» WORK INSTRUCTIONS
Retype only the lines below from the one with "红牛车队翻盘索伯车队，维斯塔潘关键制胜" to the one with "Skoda Superb 1.6 TDI GreenLine - 8", inclusive, skipping every image.

» DATASET RECORDS

====

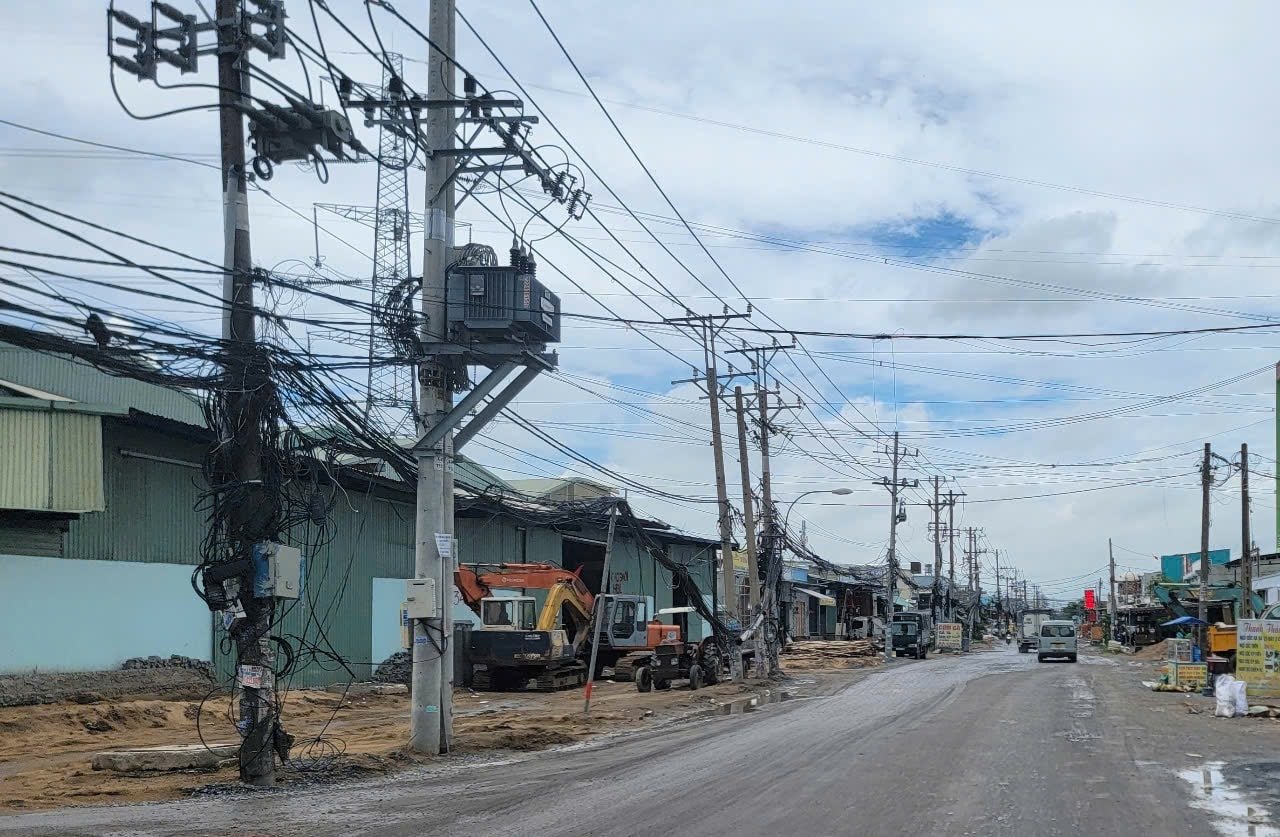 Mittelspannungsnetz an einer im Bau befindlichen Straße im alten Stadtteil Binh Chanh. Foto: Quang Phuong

====

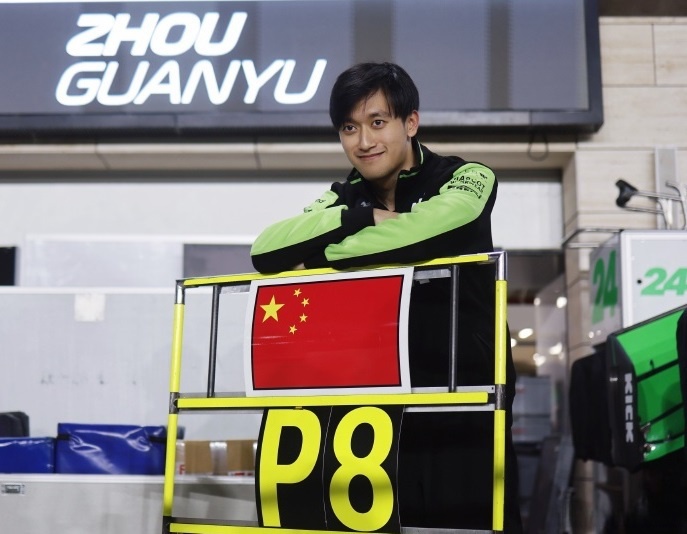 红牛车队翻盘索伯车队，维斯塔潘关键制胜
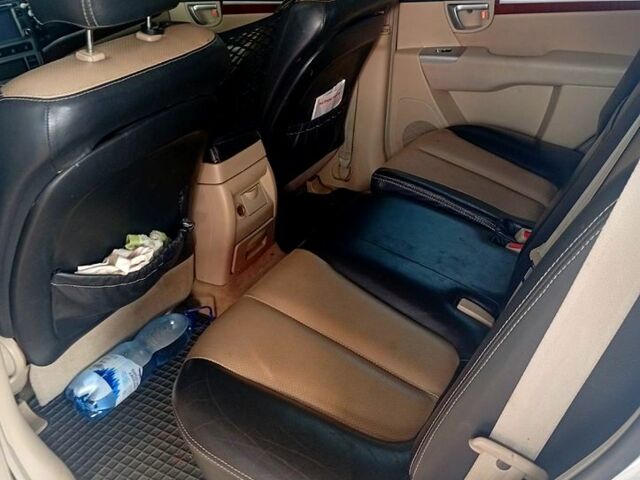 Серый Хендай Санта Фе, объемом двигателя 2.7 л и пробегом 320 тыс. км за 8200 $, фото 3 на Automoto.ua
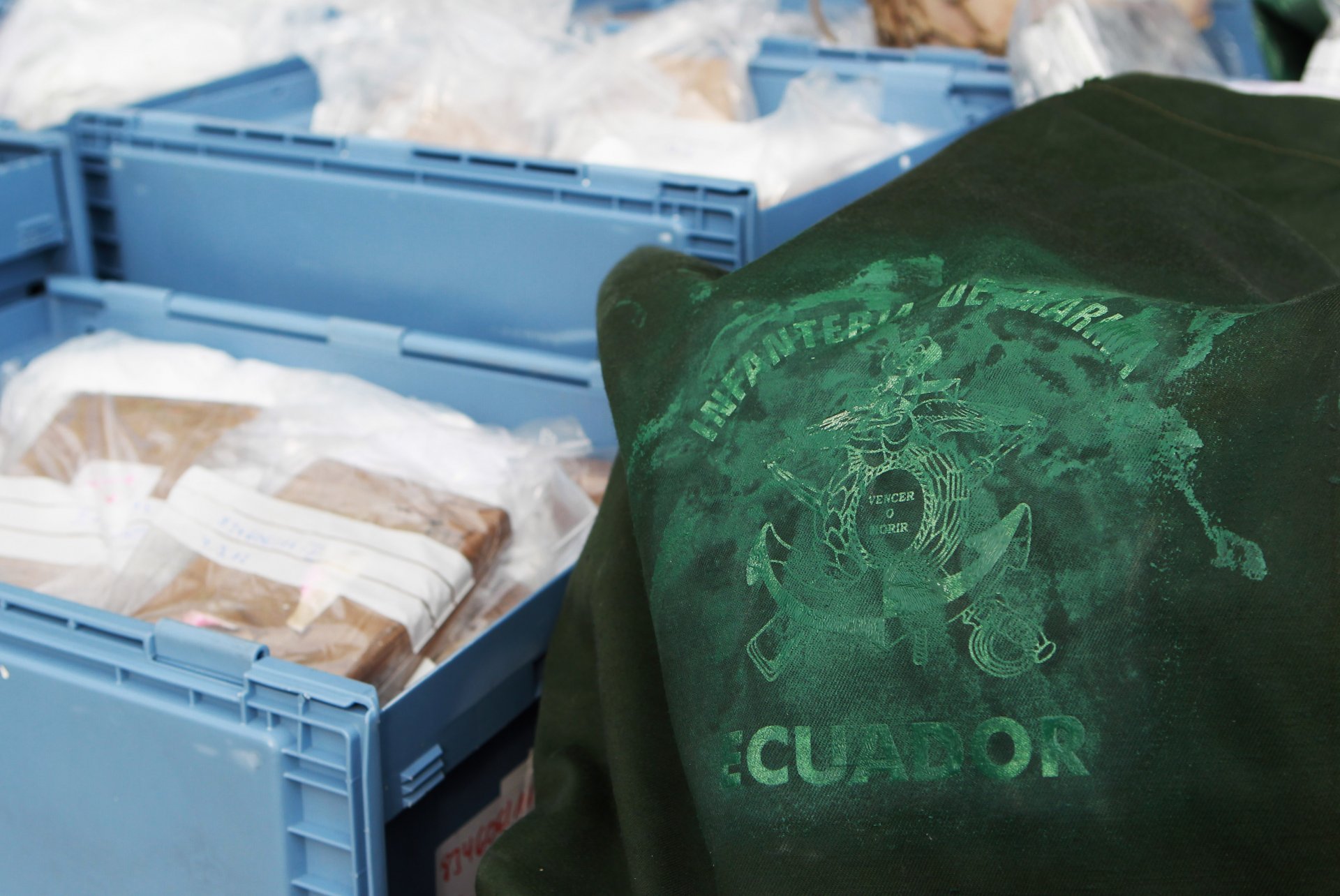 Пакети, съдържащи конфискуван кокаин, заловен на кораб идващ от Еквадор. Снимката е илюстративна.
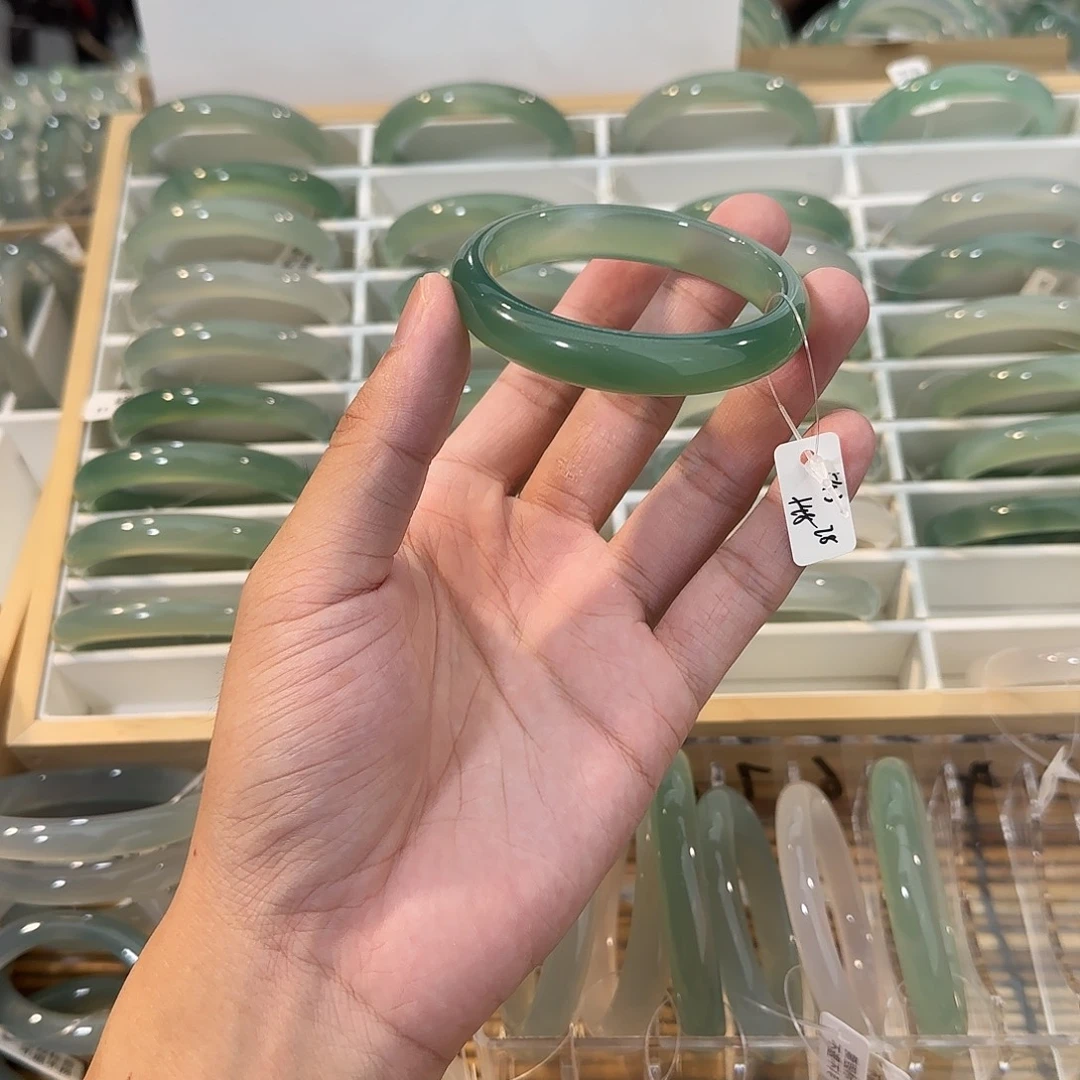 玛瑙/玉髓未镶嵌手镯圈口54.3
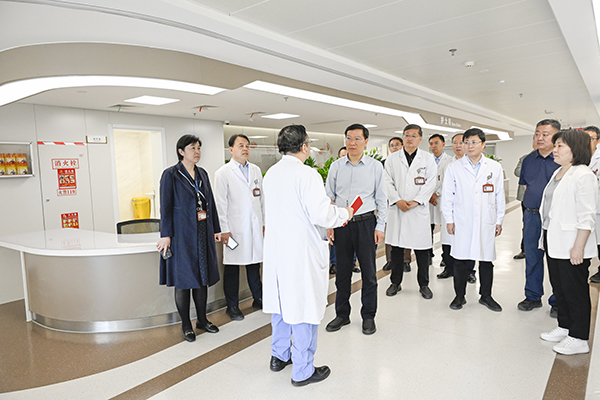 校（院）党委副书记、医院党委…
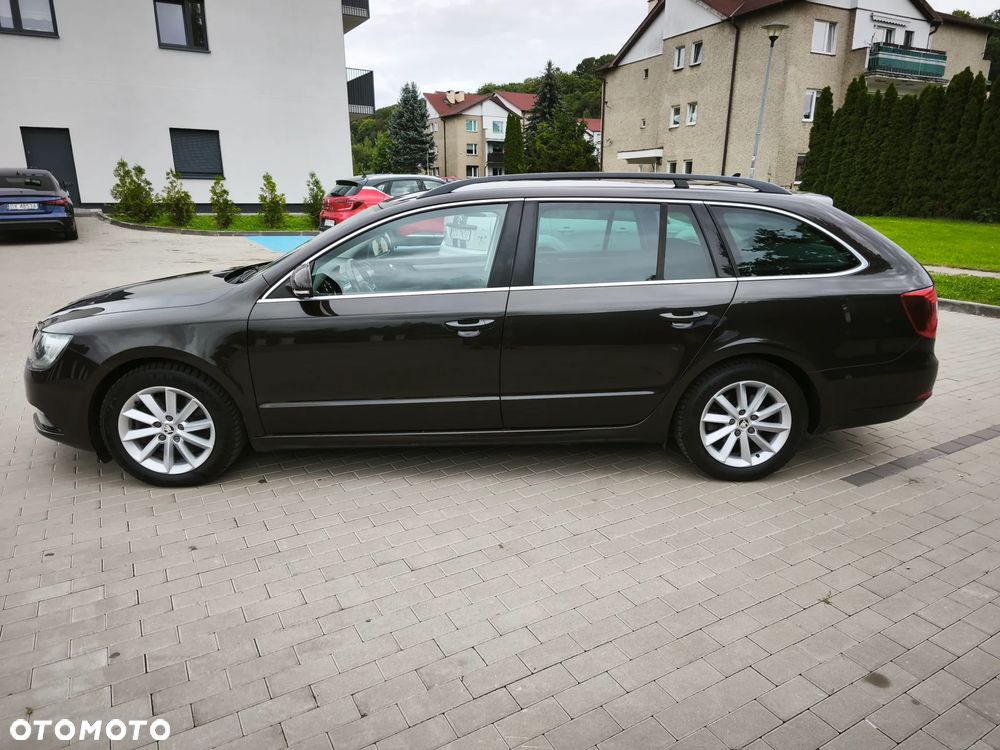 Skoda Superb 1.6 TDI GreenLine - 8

====

» EXERCISE ANSWER
 红牛车队翻盘索伯车队，维斯塔潘关键制胜
 Серый Хендай Санта Фе, объемом двигателя 2.7 л и пробегом 320 тыс. км за 8200 $, фото 3 на Automoto.ua
 Пакети, съдържащи конфискуван кокаин, заловен на кораб идващ от Еквадор. Снимката е илюстративна.
 玛瑙/玉髓未镶嵌手镯圈口54.3
 校（院）党委副书记、医院党委…
 Skoda Superb 1.6 TDI GreenLine - 8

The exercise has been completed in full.